Meno noto forse è un romanzo di Valerio Massimo Manfredi “L’isola dei morti” pubblicato da Mondadori nel 2018, la cui trama avvincente va raccontata senza togliere al lettore il piacere del finale. Il racconto vede protagonista l’archeologo Lucio Masera, impegnato nelle manovre per riportare a galla un’antica galea rinvenuta sul fondale della laguna veneziana. Trae spunto dal ritrovamento di due imbarcazioni medievali affondate nei pressi dell’isola sommersa nella laguna veneta, di san Marco di Boccalama ed avvenuto tra il 1996 e il 1997.

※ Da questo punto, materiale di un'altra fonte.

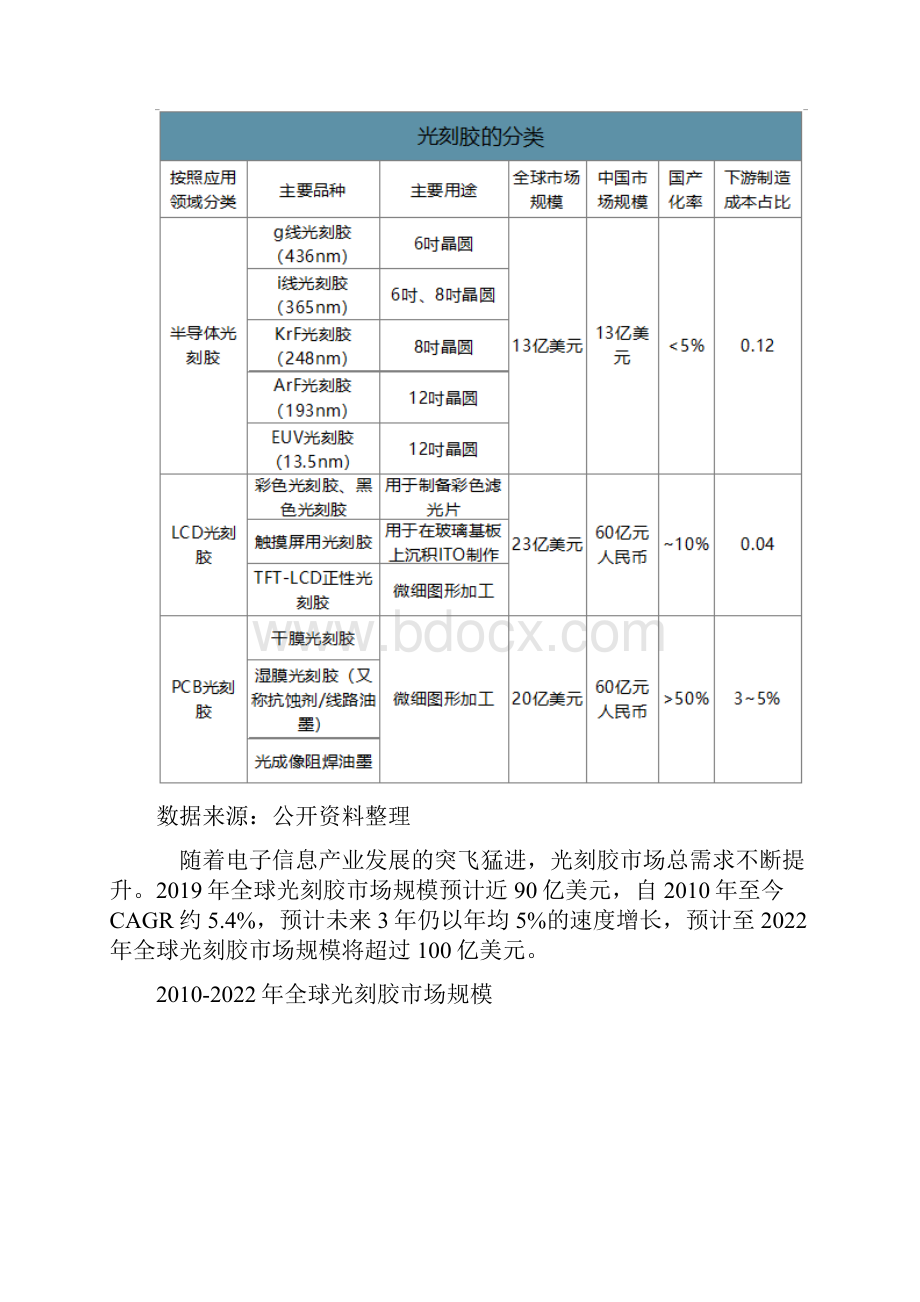 中国光刻胶行业发展现状细分行业市场规模及技术壁垒分析.docx_第3页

“Quale ne l’arzanà de’ Viniziani / bolle l’inverno la tenace pece / a rimpalmare i legni lor non sani… Mi sono venuti in mente quei versi dell’Inferno appena ho visto quel relitto, non so perché, anzi, lo so benissimo. Siamo a Venezia o in ogni caso non molto distante, sul fondo della laguna, a poche spanne dalla superficie c’è una nave risalente al quattordicesimo secolo, lunga una trentina di metri, che gli archeologi stanno liberando dal fango che la ricopre e il fasciame comincia a riapparire. Uno spettacolo, ti assicuro”.

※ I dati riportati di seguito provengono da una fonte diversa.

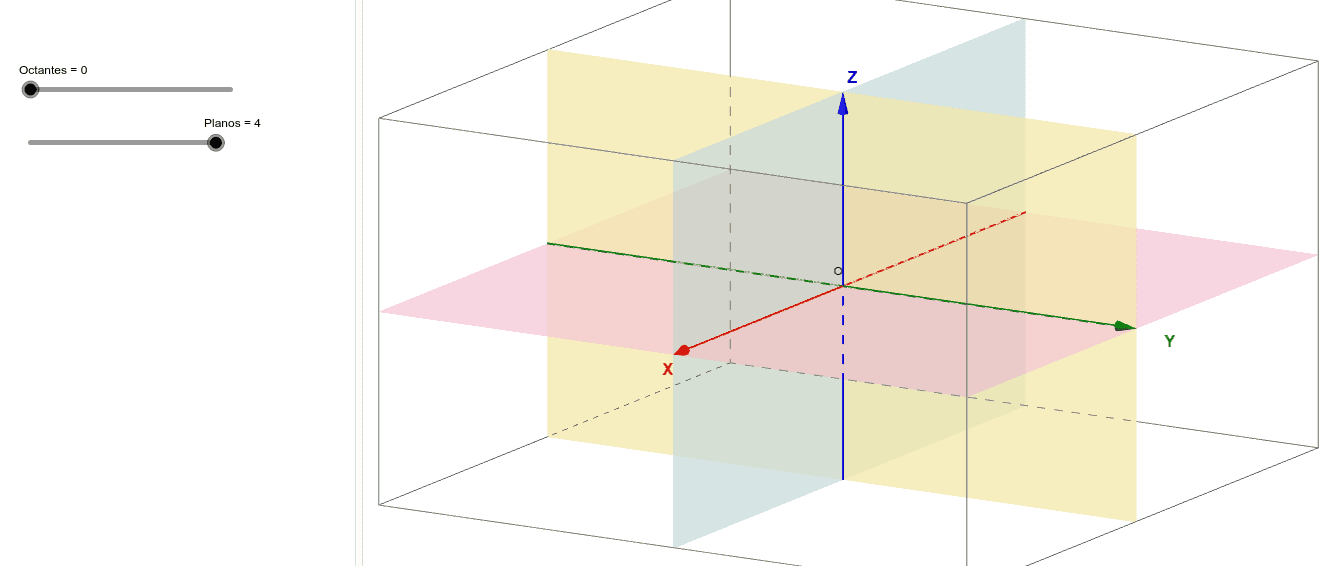 Octantes – GeoGebra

Con queste parole, Lucio Masera descrive all’amico Rocco Barrese quanto da lui visto durante la sua immersione nelle acque di San Marco in Boccalama. Barrese non è uno qualsiasi: è un filologo che insegna letteratura medievale presso la Ca’ Foscari e che ha di recente pubblicato uno studio sulle fasi che avrebbero caratterizzato la composizione della Divina Commedia. La sua opera non è certo passata inosservata, suscitando un certo clamore e una nutrita polemica tra gli estimatori e gli specialisti del settore. L’ipotesi, paventata dallo studioso, vede Dante tornare più volte sul suo scritto e sostiene che alcuni complementi siano stati aggiunti addirittura poco prima della morte del grande scrittore. Tra le sue qualità di studioso, Barrese può vantare una grande preparazione come linguista poliglotta.

L’uomo, infatti, riesce a distinguere anche le più lievi sfumature semantiche e poetiche. Del resto il filologo è un sedentario, un topo da biblioteca. Credibile come stile di vita se si dà uno sguardo al suo studio nel Ghetto vecchio: una stanza stracolma di libri tra i quali la biografia di Dante del Petrocchi. Barrese ascolta il racconto dell’amico in maniera piuttosto interessata: trova che la narrazione sia alquanto avventurosa, o almeno lo è per lui che non percorre più di un chilometro per volta! E poi Lucio ha fatto un accostamento fantastico: un verso dantesco a emblema di una scoperta archeologica. Buon viaggio tra i canali e i misteri di Venezia.

Dante allora non smetterà di riservarci sorprese anche nei prossimi settecento anni, man mano che il linguaggio simbolico, allegorico, anagogico e metaforico della Commedia troverà sempre più attenti filologici decifratori dei tanti enigmi nascosti tra i 14.233 versi e fantasiosi narratori capaci di trarne trame avvincenti che nascono dall’ansia di quell’oltre, condanna e dono per ogni essere umano spesso costretto a saper “come sa di sale lo pane altrui e come è duro calle lo scendere e ’l salir per l’altrui scale” e che, in qualunque condizione interiore si trovi, aspirerà sempre “a riveder le stelle”.